Em relação ao grupo Educação a Distância, é possível encontrar textos que refletem o fenômeno da educação a distância, abordando questões, tais como: a relação entre professor e estudante no ambiente virtual; processos de avaliação com mecanismos computacionais; análises de práticas de educação a distância e a incorporação crítica dos avanços tecnológicos em processos de educação a distância.

No grupo temático Tecnologia e Educação Escolar são encontrados textos que abordam a inserção das Tecnologias de Informação e Comunicação (TIC) no ambiente escolar, implicando mudanças de comportamentos no processo de ensino-aprendizagem. Há um destaque para a incorporação de recursos de informática e de produtos audiovisuais (programas de TV, filmes) e como eles podem ser utilizados no ambiente escolar, propiciando um auxílio pedagógico em diversas disciplinas curriculares.

No grupo denominado Educação e Arte há a presença de textos que propõem processos educacionais que trabalham, de forma interdisciplinar, com aportes advindos do teatro, da dança, da música e do cinema. Os escritos apontam questões sinestésicas, tais como a sensibilidade visual e auditiva e a expressão corporal, como formas de auxiliar na construção do conhecimento e no processo de formação.
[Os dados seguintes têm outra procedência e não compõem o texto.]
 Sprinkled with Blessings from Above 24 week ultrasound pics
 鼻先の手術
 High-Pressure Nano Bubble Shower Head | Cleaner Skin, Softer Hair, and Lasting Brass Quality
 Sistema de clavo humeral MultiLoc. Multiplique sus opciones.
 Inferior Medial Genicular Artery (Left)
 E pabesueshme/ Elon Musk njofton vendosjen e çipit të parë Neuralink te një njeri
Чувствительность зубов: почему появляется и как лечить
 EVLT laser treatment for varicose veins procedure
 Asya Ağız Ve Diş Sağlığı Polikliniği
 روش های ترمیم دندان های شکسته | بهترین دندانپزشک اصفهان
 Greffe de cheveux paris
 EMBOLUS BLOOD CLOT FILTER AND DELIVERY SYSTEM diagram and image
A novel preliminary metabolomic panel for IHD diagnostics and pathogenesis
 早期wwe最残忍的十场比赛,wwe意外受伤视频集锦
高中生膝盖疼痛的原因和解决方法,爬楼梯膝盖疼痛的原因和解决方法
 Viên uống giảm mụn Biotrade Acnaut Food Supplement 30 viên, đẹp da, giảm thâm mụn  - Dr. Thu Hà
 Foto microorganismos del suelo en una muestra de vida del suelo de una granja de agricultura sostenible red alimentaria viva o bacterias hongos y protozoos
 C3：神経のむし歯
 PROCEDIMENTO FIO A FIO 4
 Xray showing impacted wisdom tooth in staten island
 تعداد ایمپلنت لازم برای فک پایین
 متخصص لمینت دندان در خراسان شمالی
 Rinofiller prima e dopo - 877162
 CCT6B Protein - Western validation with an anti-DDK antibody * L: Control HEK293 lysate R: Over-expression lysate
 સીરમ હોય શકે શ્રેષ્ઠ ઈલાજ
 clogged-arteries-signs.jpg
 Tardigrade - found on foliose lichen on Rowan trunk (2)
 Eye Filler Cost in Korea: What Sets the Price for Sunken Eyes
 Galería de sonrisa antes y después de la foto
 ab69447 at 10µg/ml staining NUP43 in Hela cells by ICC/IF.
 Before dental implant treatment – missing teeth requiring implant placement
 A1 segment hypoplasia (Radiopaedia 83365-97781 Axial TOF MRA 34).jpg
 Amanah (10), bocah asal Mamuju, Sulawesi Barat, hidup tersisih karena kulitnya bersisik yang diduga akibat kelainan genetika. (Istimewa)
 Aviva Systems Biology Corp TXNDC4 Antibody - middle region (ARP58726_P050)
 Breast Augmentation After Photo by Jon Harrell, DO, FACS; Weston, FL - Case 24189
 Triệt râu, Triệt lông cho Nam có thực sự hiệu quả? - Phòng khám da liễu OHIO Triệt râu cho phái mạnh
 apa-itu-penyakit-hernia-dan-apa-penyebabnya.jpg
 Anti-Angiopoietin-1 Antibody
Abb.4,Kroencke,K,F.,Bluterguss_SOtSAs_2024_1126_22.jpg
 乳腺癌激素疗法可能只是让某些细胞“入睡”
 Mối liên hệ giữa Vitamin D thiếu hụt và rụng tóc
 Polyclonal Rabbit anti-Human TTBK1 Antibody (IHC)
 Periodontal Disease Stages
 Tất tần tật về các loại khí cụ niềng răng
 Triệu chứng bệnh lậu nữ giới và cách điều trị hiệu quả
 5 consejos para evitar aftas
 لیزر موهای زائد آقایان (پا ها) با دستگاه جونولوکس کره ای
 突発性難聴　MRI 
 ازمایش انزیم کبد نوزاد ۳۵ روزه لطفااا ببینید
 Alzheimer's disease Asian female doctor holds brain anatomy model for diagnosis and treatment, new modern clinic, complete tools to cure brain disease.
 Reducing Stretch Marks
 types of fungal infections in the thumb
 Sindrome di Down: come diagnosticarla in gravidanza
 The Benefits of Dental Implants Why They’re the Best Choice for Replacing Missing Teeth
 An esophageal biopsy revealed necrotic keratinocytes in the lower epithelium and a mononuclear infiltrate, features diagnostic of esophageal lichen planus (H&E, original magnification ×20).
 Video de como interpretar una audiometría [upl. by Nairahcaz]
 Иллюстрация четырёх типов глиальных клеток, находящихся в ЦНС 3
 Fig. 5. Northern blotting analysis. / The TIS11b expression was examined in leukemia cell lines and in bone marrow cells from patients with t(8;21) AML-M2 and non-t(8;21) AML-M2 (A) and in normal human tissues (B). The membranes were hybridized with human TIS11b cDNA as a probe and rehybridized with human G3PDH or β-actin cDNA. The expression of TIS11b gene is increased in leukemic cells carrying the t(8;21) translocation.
No grupo temático Criações em Imagens e Sons como Processo Educativo há destaque para textos que trabalham a criação em Imagens e Sons em ambientes escolares e não escolares como prática pedagógica e que propõem a apropriação das tecnologias de criação e de produção de mensagens em imagens e sons, a fim de propiciar um ambiente de construção do conhecimento e formação humana. Sugerem, ainda, uma participação ativa no processo de construção de conhecimento ao invés da posição passiva de receptor de mensagens.

Os textos que não se relacionam com nenhum eixo temático acima foram agrupados em um grupo denominado Outras Temáticas, neste grupo estão incluídos estudos que abordam as seguintes temáticas: a relação entre educação, comunicação e saúde; a incorporação das novas tecnologias no cotidiano administrativo das escolas; panoramas históricos de aparatos audiovisuais e suas implicações nas sociedades; propostas de se trabalhar com jogos eletrônicos e histórias em quadrinhos dentro da escola; a utilização de recursos audiovisuais como registro de pesquisa; as contribuições dos grupos de estudos e pesquisas que trabalham com a interface educação e comunicação e os avanços no conhecimento que os trabalhos produzidos por estes grupos proporcionaram.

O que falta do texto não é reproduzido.